START Extracted records

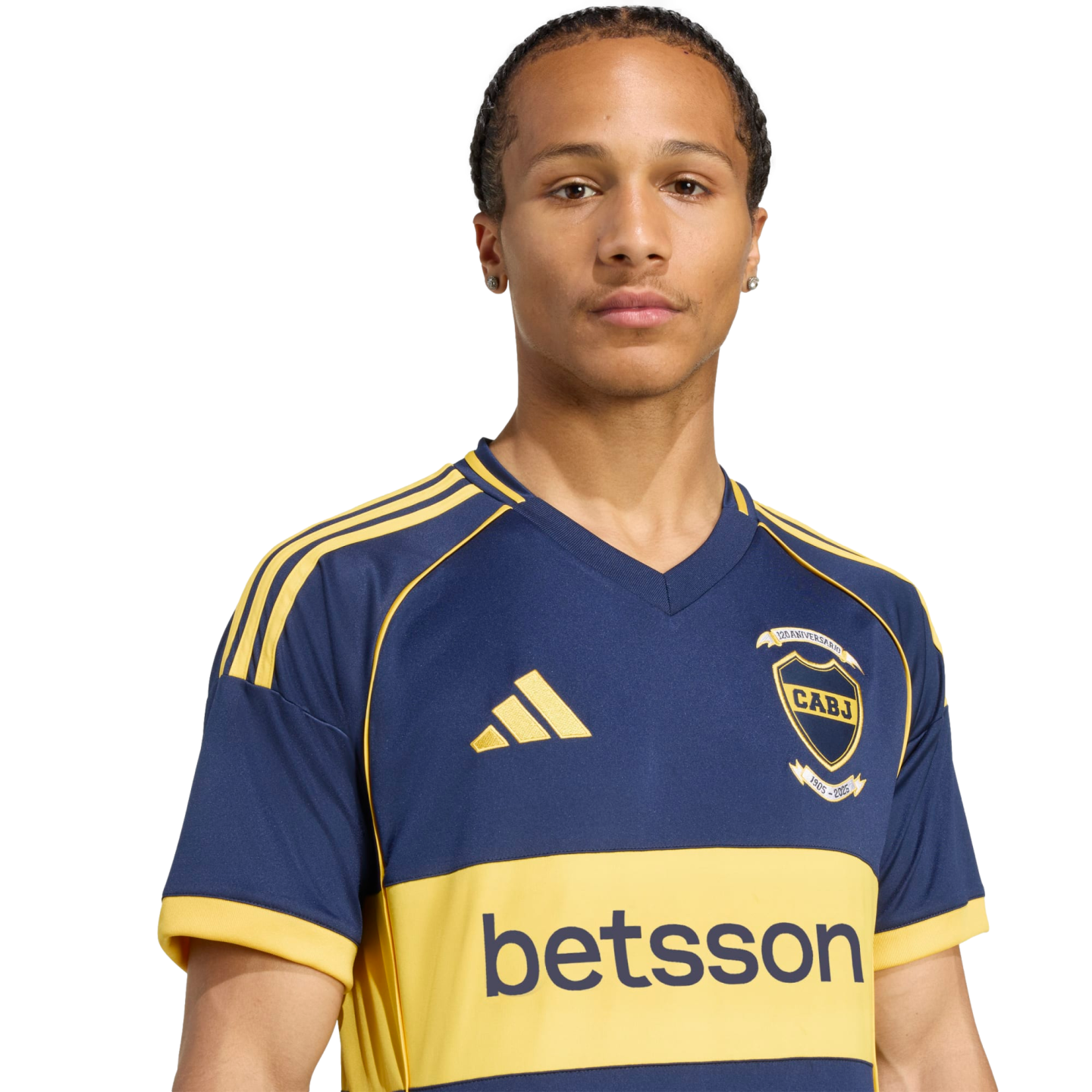 A young man with braided hair wears a blue and yellow Boca Juniors soccer jersey against a white background.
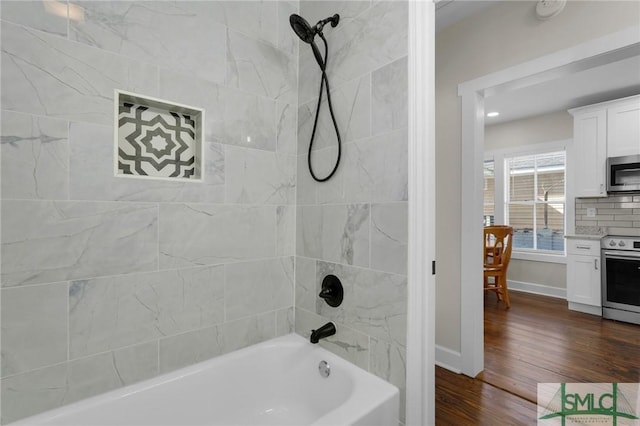 full bathroom with baseboards, wood finished floors, and shower / washtub combination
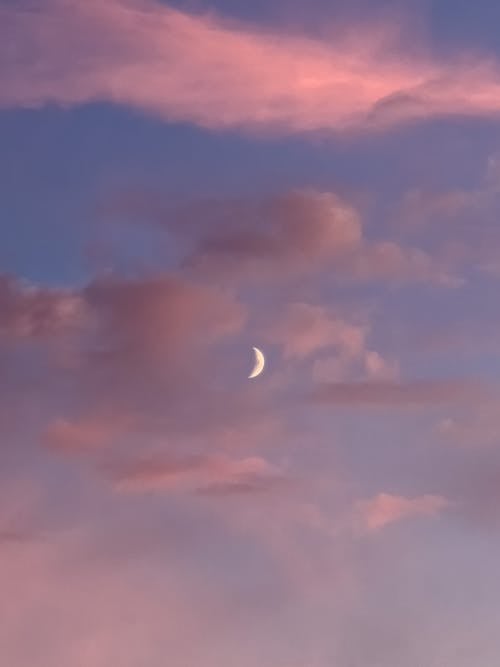 Free Moon Among Clouds on Pink Sky  Stock Photo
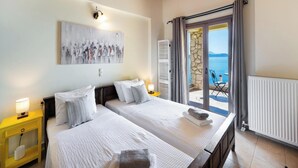 Un dormitorio con dos camas, un cuadro en la pared, vista al mar a través de un ventanal de vidrio y techo de madera.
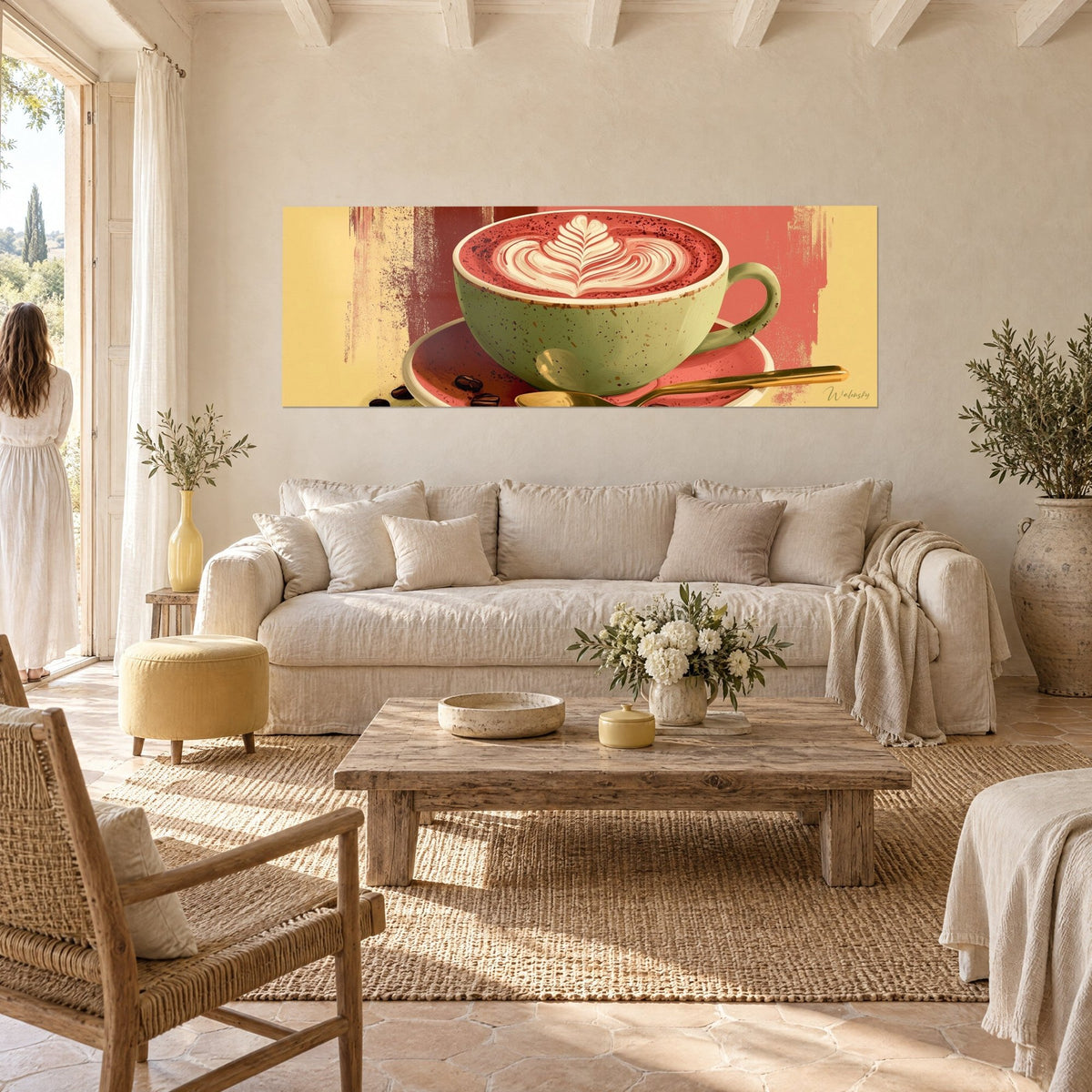 Tableau tasse verte sauge à mousse en plume crème sur fond rose corail, au-dessus d'un canapé dans un salon lumineux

END Extracted records

**Problem requirements:**
Without including any pictures, return every line of the records exactly.

**Solution:**
 A young man with braided hair wears a blue and yellow Boca Juniors soccer jersey against a white background.
 full bathroom with baseboards, wood finished floors, and shower / washtub combination
 Free Moon Among Clouds on Pink Sky  Stock Photo
 Un dormitorio con dos camas, un cuadro en la pared, vista al mar a través de un ventanal de vidrio y techo de madera.
 Tableau tasse verte sauge à mousse en plume crème sur fond rose corail, au-dessus d'un canapé dans un salon lumineux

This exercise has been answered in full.